**AVAILABLE DATA**
▬▬▬▬▬▬▬▬▬▬
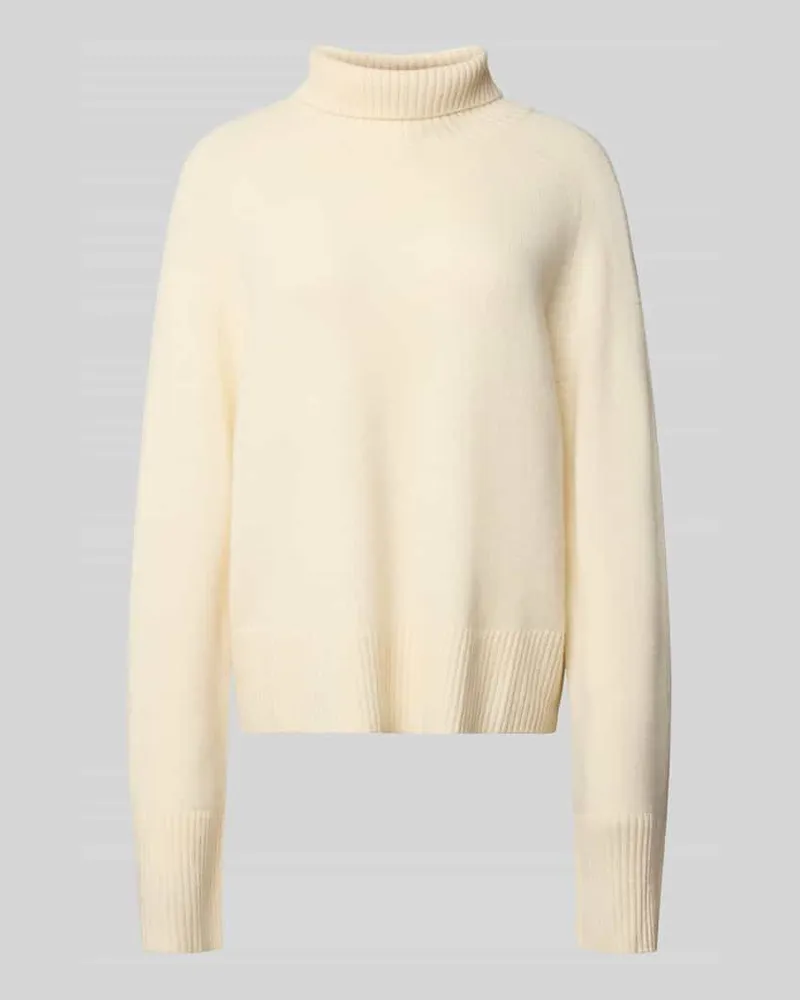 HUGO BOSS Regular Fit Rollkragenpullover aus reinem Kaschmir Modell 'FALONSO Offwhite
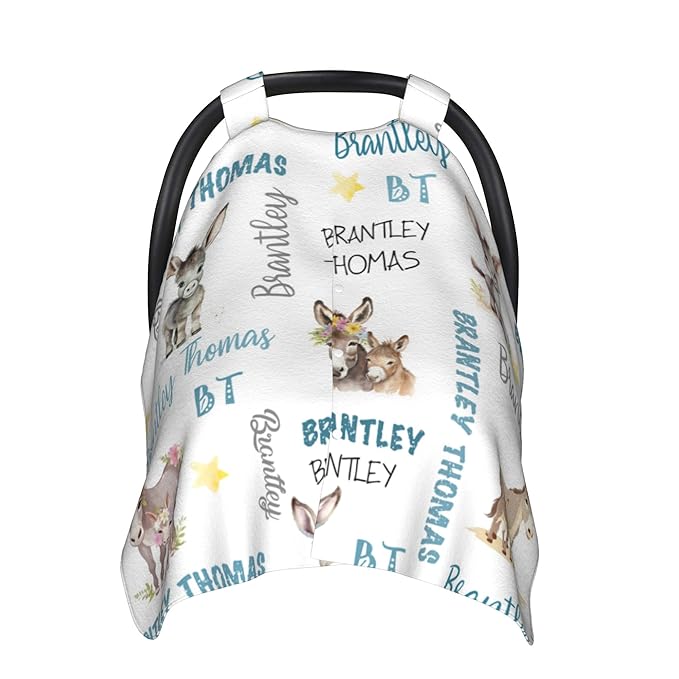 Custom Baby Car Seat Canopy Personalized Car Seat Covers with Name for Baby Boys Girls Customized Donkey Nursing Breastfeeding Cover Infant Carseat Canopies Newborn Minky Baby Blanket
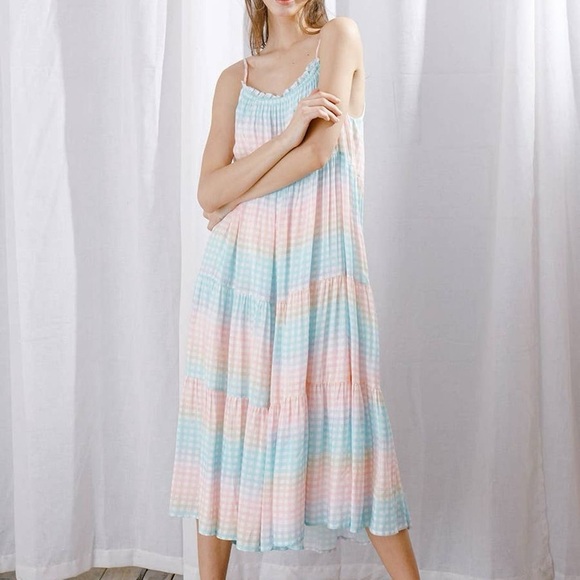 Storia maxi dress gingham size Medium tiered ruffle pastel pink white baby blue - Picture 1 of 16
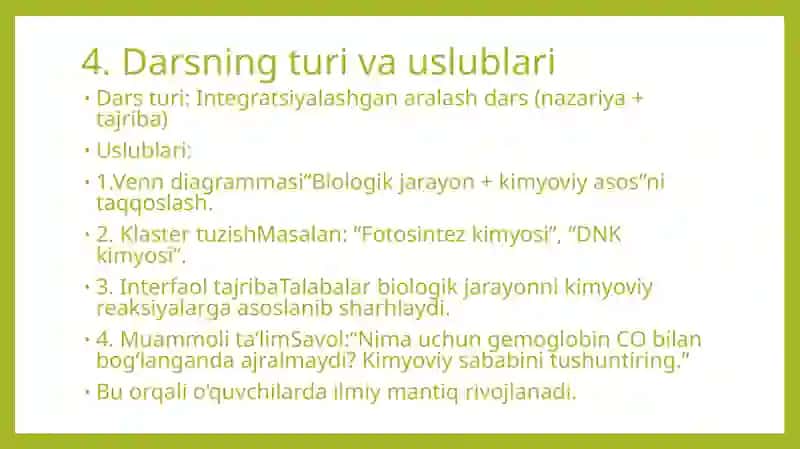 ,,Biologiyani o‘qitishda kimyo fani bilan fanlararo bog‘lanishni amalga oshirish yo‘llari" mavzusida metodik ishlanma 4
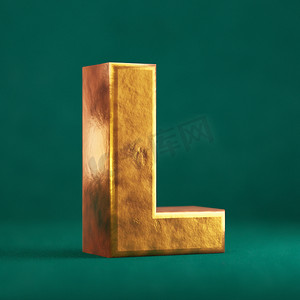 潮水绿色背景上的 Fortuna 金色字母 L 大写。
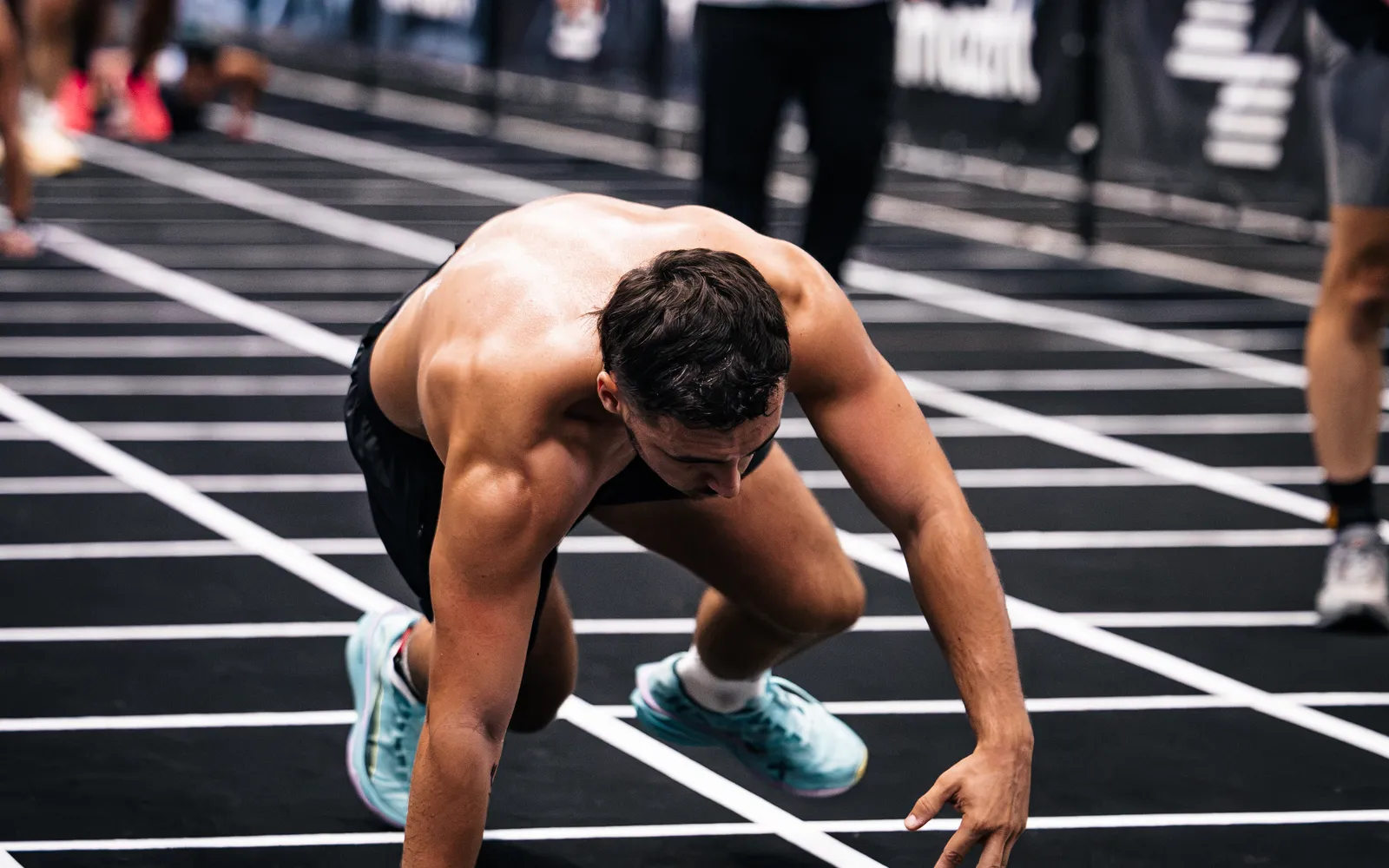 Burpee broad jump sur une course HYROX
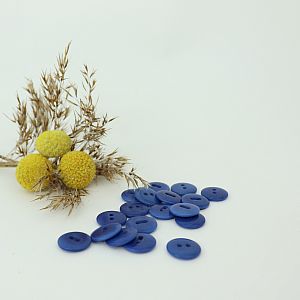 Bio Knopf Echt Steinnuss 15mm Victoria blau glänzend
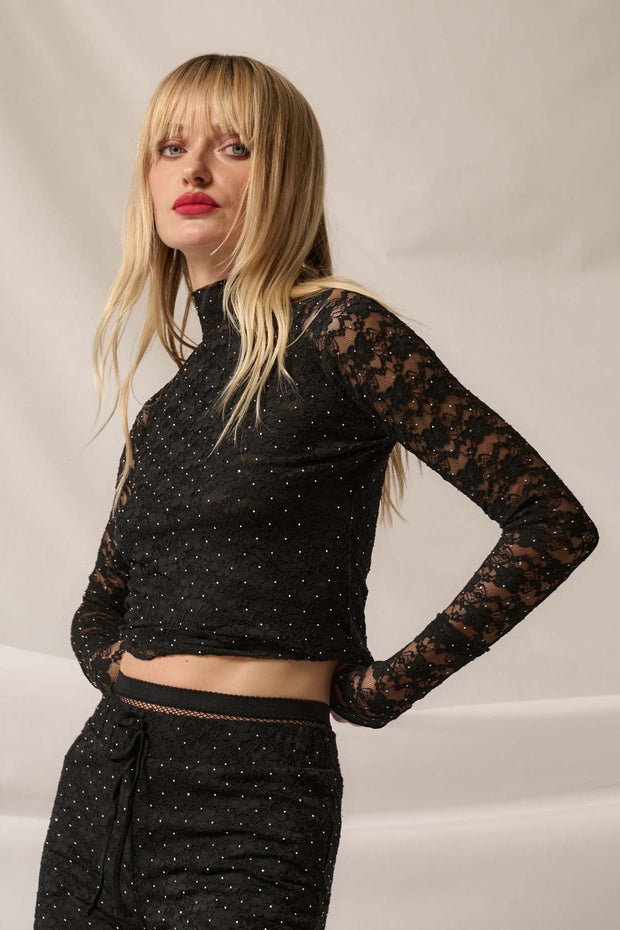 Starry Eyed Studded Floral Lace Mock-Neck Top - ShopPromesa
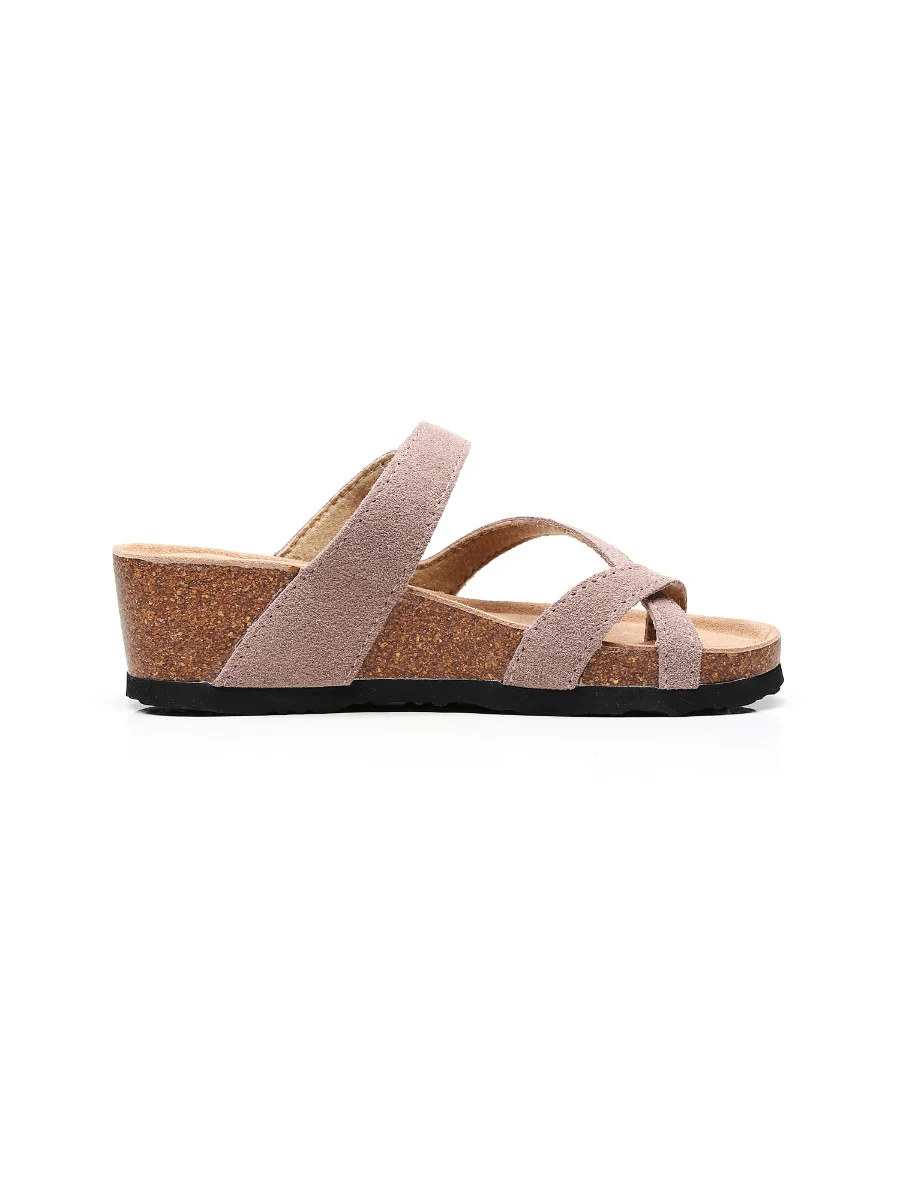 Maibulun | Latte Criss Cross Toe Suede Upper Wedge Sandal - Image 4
▬▬▬▬▬▬▬▬▬▬
**WHAT NEEDS TO BE DONE**
Keep to the lines above from the line with "Custom Baby Car" to the line with "Storia maxi dress", and set down exactly those, inclusive, with nothing else and every picture left out.

**RESPONSE BELOW**
 Custom Baby Car Seat Canopy Personalized Car Seat Covers with Name for Baby Boys Girls Customized Donkey Nursing Breastfeeding Cover Infant Carseat Canopies Newborn Minky Baby Blanket
 Storia maxi dress gingham size Medium tiered ruffle pastel pink white baby blue - Picture 1 of 16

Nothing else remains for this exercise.